Следующий месяц оказался крайне непростым. Ива явно поняла, что их элитного бойца устранили на территории клана Хигаки. И судя по всему, это заставило кого-то из верхушки Ивагакуре вспомнить о нашем проблемном клане. Потому ответ не заставил себя ждать. Атаки участились, стали изощрённые, злее. Теперь это были уже не просто бандиты или отщепенцы — на нашу территорию лезли профессионалы, отряды, действующие с холодным расчётом.

Первое серьёзное столкновение после той памятной схватки у шахты произошло там же спустя две недели. Трое чуунинов, замаскировавшихся под торговцев минералами, попытались проникнуть на территорию, когда ни меня, ни деда не было рядом. Но на этот раз дед не полагался лишь на удачу или на наше Остриё Сознания.

У входа в штольню, в тени навеса, сидел неприметный мужчина лет сорока в простом сером кимоно — менталист из клана Амару, Коу. Его лицо было спокойным, почти отрешённым, но глаза, тёмные и глубокие, как горные озера, постоянно скользили, сканируя входящих рабочих, охрану, даже пролетавших птиц.

Именно он первым почувствовал неладное, когда чуунины под маскировкой пересекли незримый порог его восприятия. Он не вскочил, не закричал. Его рука, лежавшая на коленях, лишь слегка сжалась. В ту же секунду маленькая, невзрачная, но специально обученная птичка, дремавшая у его ног, взметнулась в воздух и исчезла в направлении поместья. Сигнал был подан быстро и незаметно.

В тот день мы с дедом мчались как одержимые. Но когда влетели на площадку перед шахтой, бой уже заканчивался. Ведь теперь у шахты была не просто охрана — дед поставил туда пятёрку наших лучших ронинов, ветеранов, чьи шрамы и холодные глаза говорили о сотнях схваток. Их уровень силы был на грани специального джоунина. Они встретили диверсантов организованно, как стая волков, отрезая пути к отступлению, парируя кунаи и слабые дзюцу щитами из собственной Ки. Металл звенел, земля вздымалась под ударами, но ронины не дрогнули.

Диверсанты, поняв, что их раскрыли и зажали, бросились в отчаянную атаку, пытаясь прорваться к входам в шахту или складам. Один из них успел метнуть взрывной кунай в сторону бараков рабочих — оглушительный грохот, крики.

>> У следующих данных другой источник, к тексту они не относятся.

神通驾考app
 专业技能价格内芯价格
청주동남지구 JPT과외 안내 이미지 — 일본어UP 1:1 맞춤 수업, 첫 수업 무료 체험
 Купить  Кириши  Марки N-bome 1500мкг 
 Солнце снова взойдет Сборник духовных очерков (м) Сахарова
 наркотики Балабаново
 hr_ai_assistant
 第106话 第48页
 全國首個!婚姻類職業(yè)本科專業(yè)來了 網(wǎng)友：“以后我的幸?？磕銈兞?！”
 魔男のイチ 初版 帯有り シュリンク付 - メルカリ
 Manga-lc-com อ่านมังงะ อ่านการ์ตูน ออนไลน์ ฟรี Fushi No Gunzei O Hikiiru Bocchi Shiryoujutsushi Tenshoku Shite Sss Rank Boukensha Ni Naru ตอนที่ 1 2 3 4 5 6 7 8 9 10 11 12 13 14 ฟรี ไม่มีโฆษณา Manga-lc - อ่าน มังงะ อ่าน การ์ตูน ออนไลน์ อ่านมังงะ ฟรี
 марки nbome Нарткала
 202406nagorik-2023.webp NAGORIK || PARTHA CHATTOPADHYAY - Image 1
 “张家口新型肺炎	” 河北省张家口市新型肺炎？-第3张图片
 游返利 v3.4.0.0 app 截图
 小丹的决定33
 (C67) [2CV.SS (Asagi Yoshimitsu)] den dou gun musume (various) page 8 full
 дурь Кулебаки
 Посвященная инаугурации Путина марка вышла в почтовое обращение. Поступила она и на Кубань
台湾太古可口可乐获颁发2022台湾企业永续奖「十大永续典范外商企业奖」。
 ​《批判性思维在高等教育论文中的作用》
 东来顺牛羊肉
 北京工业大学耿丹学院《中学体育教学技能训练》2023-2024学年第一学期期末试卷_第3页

Погиб один рабочий, выбежавший из любопытства — чистая случайность, роковая глупость.

И это был их единственный успех. Ронины сомкнулись, их катаны сверкали в слаженном смертельном танце. Через несколько минут три тела в жилетах с эмблемой Ивагакуре лежали на пыльной земле. Наши потери: один ронин с глубоким порезом плеча и тот несчастный рабочий.

Коу стоял чуть поодаль, его лицо было бледным, но спокойным. Он указал на склад инструментов и амбар с провиантом.

— Там… заложены печати. Взрывные. Очень мощные. Успели заложить, пока я их не обнаружил.

Пара специалистов из нашего клана, обученные работе с чакрой (пусть и поверхностно), осторожно обезвредили смертоносные сюрпризы. Всё обошлось. Но в воздухе витал горький привкус пирровой победы. Они снова сумели нанести удар, пусть и отражённый.

А спустя ещё неделю грянул второй заход. Очень жестокий, кровавый, рассчитанный на разделение наших сил.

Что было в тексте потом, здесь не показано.